State v. Russell

236 N.W.2d 612 (1975)

STATE of Minnesota, Respondent,
v.
Wade RUSSELL, Appellant.

No. 44610.

Supreme Court of Minnesota.

November 28, 1975.

*613 C. Paul Jones, Public Defender, Minneapolis, for appellant.

Warren Spannaus, Atty. Gen., St. Paul, Gary W. Flakne, County Atty., Michael McGlennen, David W. Larson, and Vernon E. Bergstrom, Asst. County Attys., Minneapolis, for respondent.

Considered and decided by the court without oral argument.

PER CURIAM.

Defendant was charged by indictment with aggravated robbery and first-degree murder, Minn.St. 609.185 and 609.245. Pursuant to a plea agreement negotiated by his attorney, defendant pleaded guilty to a reduced charge of second-degree murder, Minn.St. 609.19, and was sentenced by the district court to a prison term of 3 to 25 years, with the sentence to run concurrently with a sentence of 3 to 10 years defendant was then serving for another crime.
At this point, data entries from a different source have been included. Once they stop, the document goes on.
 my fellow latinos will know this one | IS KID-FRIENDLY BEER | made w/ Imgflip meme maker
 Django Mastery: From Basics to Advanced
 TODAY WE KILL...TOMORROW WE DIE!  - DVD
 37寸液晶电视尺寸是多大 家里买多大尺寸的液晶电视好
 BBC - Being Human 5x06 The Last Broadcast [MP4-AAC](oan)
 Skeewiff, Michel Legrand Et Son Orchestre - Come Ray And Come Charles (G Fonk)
On this appeal from judgment of conviction, defendant contends that the district court should not have accepted his guilty plea because the record does not disclose an adequate factual basis for the plea nor contain sufficient evidence that he understood the nature and elements of the charge to which he pleaded guilty. We affirm.

The rule is that a trial court may not accept a defendant's guilty plea unless it is first satisfied that, among other things, the plea is supported by an adequate factual basis. There must be sufficient facts on the record to support a conclusion that the defendant actually committed a crime at least as serious as the one to which he pleaded guilty. Beaman v. State, 301 Minn. ___, 221 N.W.2d 698 (1974); State v. Gustafson, 298 Minn. 200, 214 N.W.2d 341 (1974). Defendant's answers to questions by the prosecutor in this case disclose a factual basis for the plea even though no question was specifically directed to the element of intent to kill. State v. Hopkins, 293 Minn. 522, 198 N.W.2d 542 (1972).
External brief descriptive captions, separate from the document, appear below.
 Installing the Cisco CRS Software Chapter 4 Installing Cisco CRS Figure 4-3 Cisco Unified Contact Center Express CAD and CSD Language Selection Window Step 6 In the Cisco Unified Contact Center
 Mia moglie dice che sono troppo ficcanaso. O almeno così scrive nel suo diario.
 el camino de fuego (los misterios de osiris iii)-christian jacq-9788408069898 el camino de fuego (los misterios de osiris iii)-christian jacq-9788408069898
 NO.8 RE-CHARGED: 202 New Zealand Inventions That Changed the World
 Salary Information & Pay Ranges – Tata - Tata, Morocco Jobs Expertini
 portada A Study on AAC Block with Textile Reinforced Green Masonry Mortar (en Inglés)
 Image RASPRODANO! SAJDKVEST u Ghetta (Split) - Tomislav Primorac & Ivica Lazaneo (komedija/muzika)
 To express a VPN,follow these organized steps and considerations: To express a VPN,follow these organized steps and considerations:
As a result of Boykin v. Alabama, 395 U.S. 238, 89 S. Ct. 1709, 23 L. Ed. 2d 274 (1969), we cannot presume from a silent record that a defendant who pleaded guilty did so intelligently and voluntarily. However, the record in this case is not silent but shows that defendant had a full opportunity to consult with his counsel before entering the plea. We therefore may safely presume that counsel informed him adequately concerning the nature and elements of the offense. State v. Propotnik, 299 Minn. 56, 216 N.W.2d 637 (1974).

Affirmed.

SCOTT, J., took no part in the consideration or decision of this case.